Unique to within a constant factor?

[cks]

unique to within a constant factor?

we always listen to the phrase in quantum mechanics textbook that says this eigenvector is unique to within a constant factor.

What does it actually mean?

unique means there is one and only one??
constant factor: a constant 2 or 3 or... maybe??

I don't really catch the physical picture of it, I just hope for some mathematical examples that can illustrate this. Thank you

 

[CompuChip]

Well, suppose that $$\left| a \rangle$$ is an eigenvector to an operator  with eigenvalue $a$, that is:
$$\hat A \left| a \rangle = a \left| a \rangle$$.
Then of course, since scalars commute with any operator,
$$\hat A \left( \lambda \left| a \rangle \right) = \lambda \left( \hat A \left| a \rangle \right) = \lambda \left( a \left| a \rangle \right) = a \left( \lambda \left| a \rangle \right)$$.
So as you see, $$\lambda \left| a \rangle$$ is also an eigenvector for the same eigenvalue, for any (complex) number lambda.
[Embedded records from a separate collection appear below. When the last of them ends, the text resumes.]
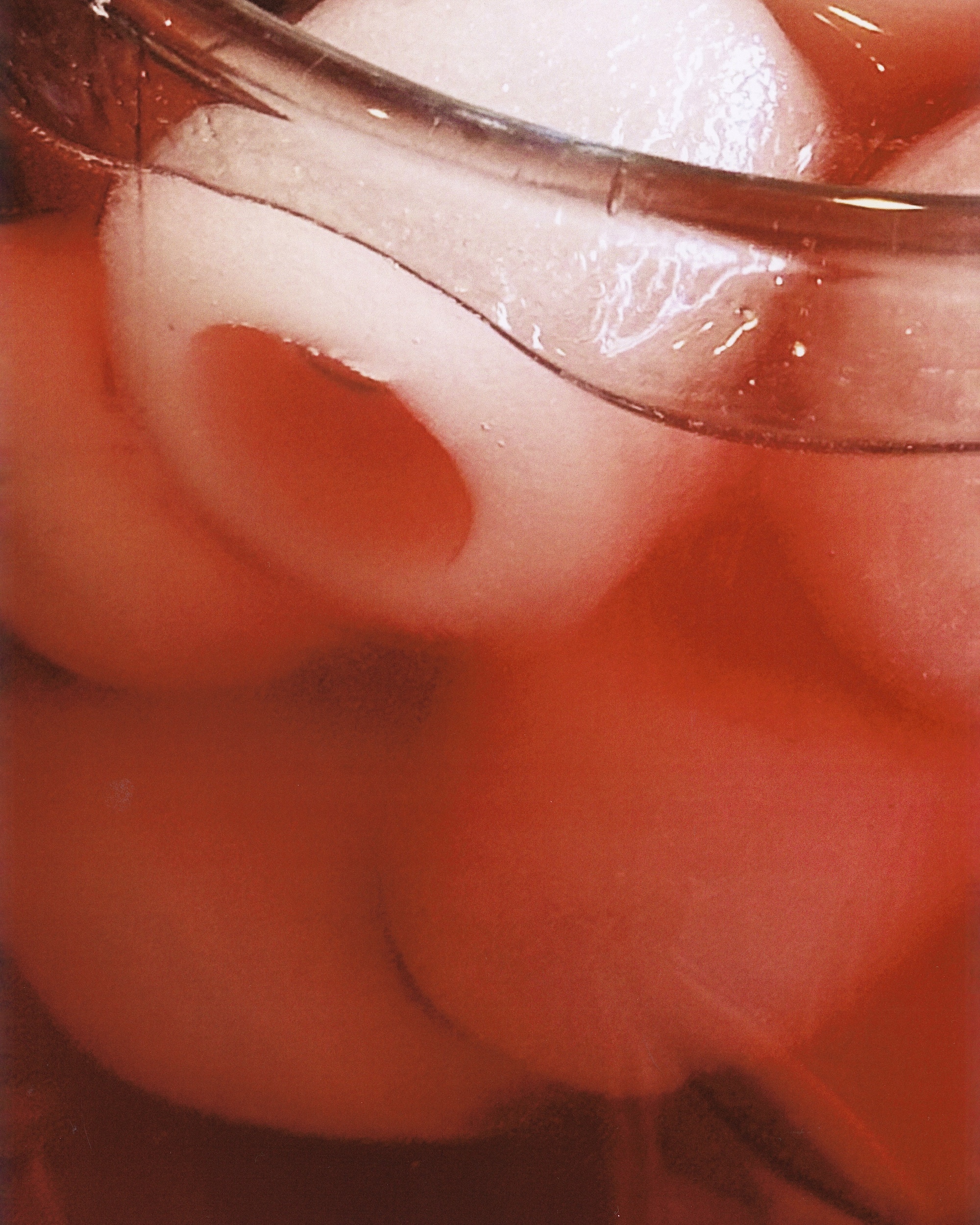 Close-up of a glass filled with a red beverage and ice balls, showcasing refreshing drink details.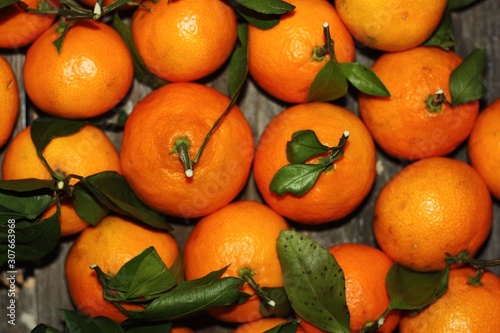 Juicy fresh tangerines with leaves on the table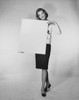 Young woman holding a blank placard Poster Print - Item # VARSAL25541945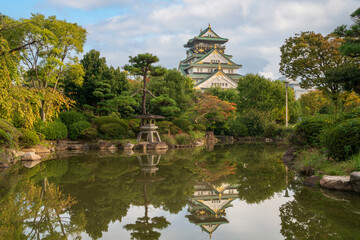 Osaka Castle with reflection in a pond in a Japanese garden on the castle grounds on a sunny autumn morning, Osaka, Japan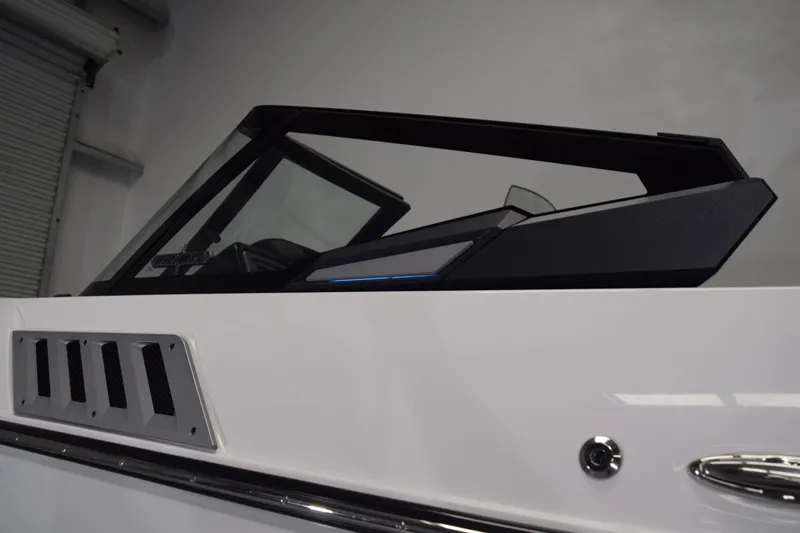 Slide: The Image of 2021 Supra SE 450 boat windshield and dashboard detail in a showroom setting. - 12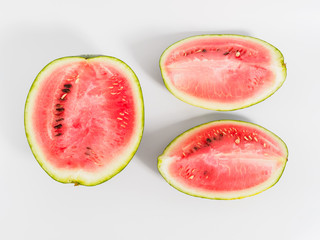 Halved watermelon on white background.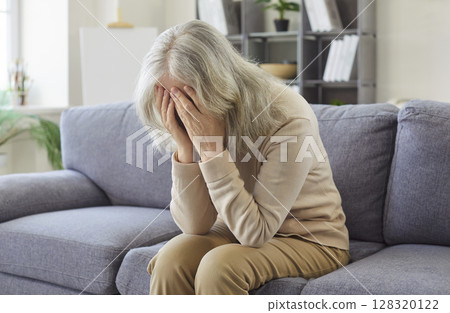Old senior woman sitting indoors on sofa in distress at home, covering face with her hands, weeping  128320122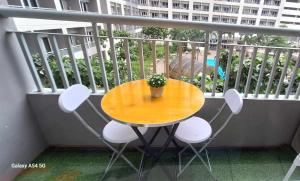 a table and chairs on a balcony with a potted plant at Snuggle and Comfy 1BR with WiFi in Grace Residences Taguig City in Manila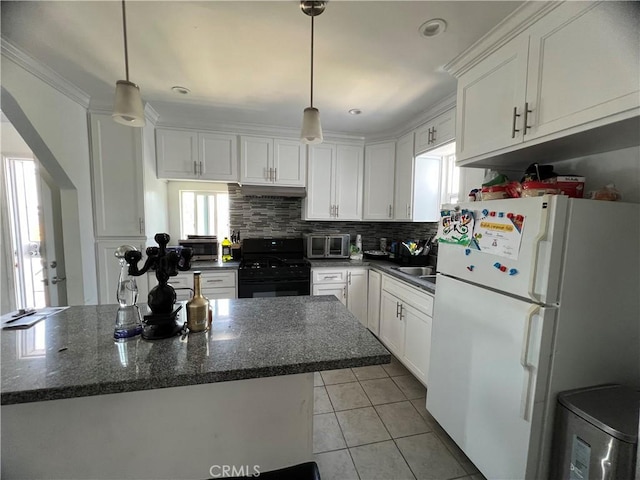 kitchen with white cabinets, black gas stove, freestanding refrigerator, light tile patterned floors, and tasteful backsplash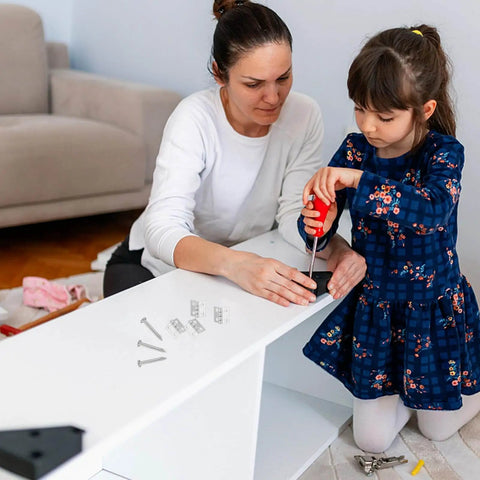 Woman and child installing Miniature Decorative Box Hinges Set 100 Pcs Silver 8x10mm With Nails for cabinet assembly.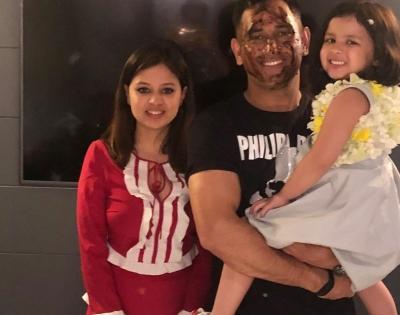 Sakshi shares video of Dhoni giving Ziva a bike ride at home | Sakshi shares video of Dhoni giving Ziva a bike ride at home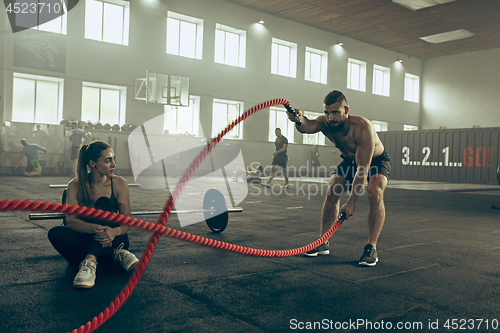 Image of Men with battle rope battle ropes exercise in the fitness gym.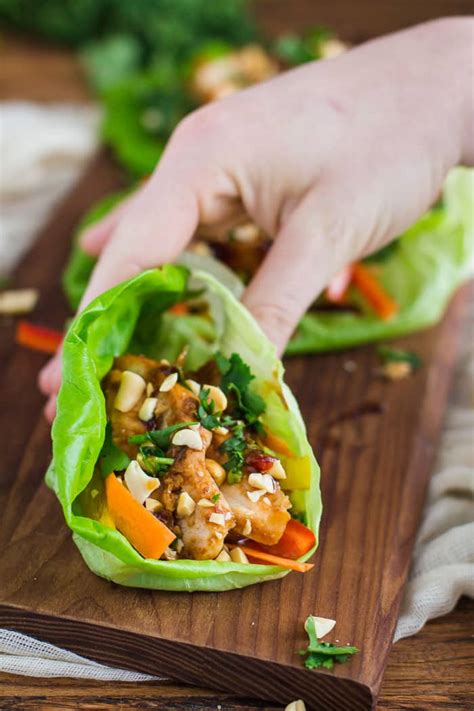 Add the ingredients to a tortilla wrap. Healthy Thai Chicken Lettuce Wraps | B. Britnell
But other than that, the eigenvector is really unique, that is, if
$$\hat A \left| a' \rangle = a \left| a' \rangle$$
then |a'> cannot be anything different than a multiple of |a>.

This is what is meant by "unique up to a constant factor", which is enough since in QM, the pre-factor doesn't carry any physical meaning anyway (we normally just use it for convenience, e.g. to normalize eigenkets).

 

[malawi_glenn]

There is a complex (global-)phase: exp(i*phi), cos' we deal with complex numbers. And as convention we often we often taken phi = 0, so exp(i phi) = 1.

Is that what you looked for? You can see an example of this in Sakurai "modern QM" chapter 1 in discussion of Sx and Sy and their eigen-vectors.

 

[cks]

Thank you CompuChip,

I understand now. Really appreciate that.

 

[dextercioby]

quote: >>the pre-factor doesn't carry any physical meaning anyway (we normally just use it for convenience, e.g. to normalize eigenkets).<<

Actually this phase freedom of vectors is of crucial importance when it comes to describing symmetries in QM.